Now this needs a lot of improvement

Choose someone to ask: As a consumer, I don’t know whom to ask. There will always be a limited set of people I know. Hence as a platform, you are limiting my connections if you aren’t giving me suggestions

People you follow: Could be just one tab and that too secondary. Primary tab should be “People you should follow”

The search bar doesn’t give me suggestions. inspiration can be taken from Instagram search bar. With the bar at the top, at the bottom you could have top influencers world is following (Category wise maybe)

Answer: Questions that I ought to answer

Take:

With this kind of app, the ratio of consumers vs influencers/experts will always be high. Which means that this section will remain empty for most of the consumers. Positioning of the app is majorly around experts and celebs and the app doesn’t support friends to put their opinions on the questions asked. Hence we can clearly conclude that there will be very less % of people asking questions to their friends.

In a nutshell, there will be very less activity in this space and I’m not sure if giving this much real estate to this category is helpful.

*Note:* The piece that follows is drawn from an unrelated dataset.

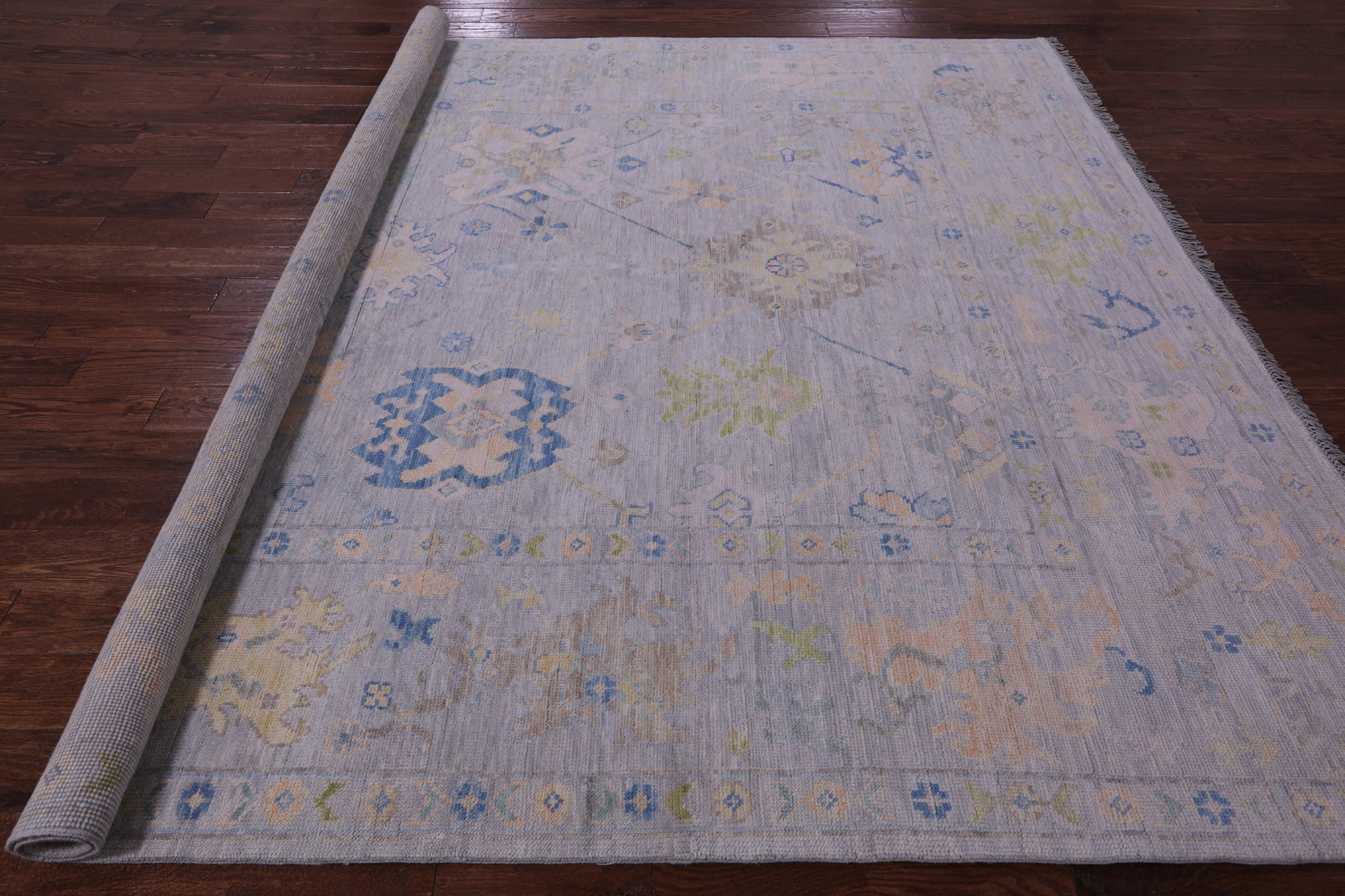 Silver Square Turkish Oushak Handmade Wool Rug - 8' 11" X 9' 0" - Golden Nile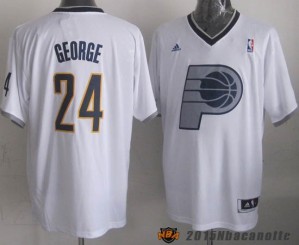 Natale 2013 Indiana Pacers Paul George #24 bianco Maglie Basket NBA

Experiment: Moving whale concept from many-to-one to many-to-many. In the explore section, there could be a secondary CTA of ‘answer’. So that a user can answer these questions. In the watch section, along with expert’s answer, there could be a small secondary CTA ‘3 answers from people’. In the answers category, all your answers could pop up.

Overall, it’s a much needed revamp. Much simpler UX and clean interface. Though they could have retained few things from the earlier update.

What I personally believe is, Whale could potentially become a huge platform for people to share knowledge and opinions. Q&A is something that comes naturally to human beings and if cracked, this could explode!!